In computer programming, you gain great speed benefits by writing graphics software in assembly language, rather than a compiled language such as C. But assembly is purpose-designed for a single microprocessor family. Change families, and all your work must be thrown away. So this optimization require one big assumption about future use of your software.

In investing, you can gain higher returns with leverage. But the greater the leverage, the more central your assumption of price stability or continuity, the greater your reliance on avoiding one really bad day, and its associated margin call.
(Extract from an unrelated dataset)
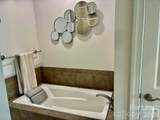 5551 Colonial Chatsworth Circle - Photo 14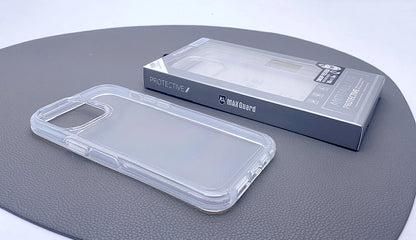 S21+ plus Gemshell case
In advertising, you can maximize conversion rates by having each CPC ad click through to a specific landing page designed for that ad. But the amount of work required to make a campaign-wide change increases by an order of magnitude.

Maximizing international trade optimizes economic output but greatly increases exposure to common-factor economic collapse, such as a discontinuity in the oil supply.

Thus optimization increases performance (narrowly measured), but also exposure to Black Swans.

Gas prices vs home prices

Wednesday, June 25th, 2008

A recent Wall Street Journal article’s claim that gas prices will make Riverside real estate worthless is exciting but exaggerated.

Paraphrasing the argument: imagine you are the canonical Riverside resident, commuting to LA in a flag-draped SUV. That’s 12mpg, $4.80 per premium gallon, 120 miles per day, 210 days per year: over $10,000 per year in gas, requiring at least $12,000 in pretax earnings or 20% of the median family income. (The WSJ article concludes about $14k after tax, using different assumptions.)

Accurate so far. But then the article quotes a Deutsche Bank analyst claiming such homes could become “effectively worthless” because of the cost of sustained higher gas prices.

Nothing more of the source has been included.